Leif gripped Benny’s shoulders to hold him back, but he broke free and chased the truck, pumping his tiny arms and legs with great fury.
“I love you!” he called out, when he was just ten feet away. I gripped the metal bars, my throat choked with emotion.
“I love you!” Silas cried, as he followed.
They both kept after us, sprinting wildly behind the cage. I watched their mouths moving, saying those words over and again, as the truck bounded through the woods and their small bodies disappeared, unreachable, behind the trees.
Chapter Twenty-three
THE TRUCK CLIMBED THE TANGLED LANDSCAPE, RUSHing through fields of weeds and overgrown brush, until we came to a broken road. Its wheels spun faster, and dust bloomed thicker around its fenders. The sun heated the metal cage, making its bars painful to touch.

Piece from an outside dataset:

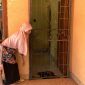Pemilik Rumah, Mona, menunjukkan tempat ditemukannya bayi perempuan tersebut. (FOTO: rc/kepriheadline.id)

After an hour I didn’t recognize the forest that spread out beyond the rocky path. Even the sky seemed foreign, its great blue expanse birdless and lonely.
“I knew it,” Arden said finally. Her pale skin was covered with a thin layer of dirt. “Leif was just waiting to sell us out, for what?” She shielded her eyes from the sun. “Some medical supplies and a cut of ransom money?”
“He wanted me gone,” I said. “I doubt the supplies mattered.”
I wondered how it had happened, if he’d searched the black storehouse looking for a radio. Or perhaps he had stumbled upon it looking for a bandage, trying to stop the blood from his mouth.
I wondered, too, when Caleb would realize I’d been taken. Would he dismount his horse by the edge of the woods, seeing Benny and Silas sobbing near the dugout entrance? Would he kneel down, inspecting the long tracks in the dirt where my heels had been dragged, his face turning toward Leif? Would he miss me? Would he care?
None of it mattered. It was over. No way to escape the bars, the burning sun, this man with the cracked yellow teeth. I was trapped again, new walls holding me in, bringing me to the King. the City gates would open and close behind me, another cage.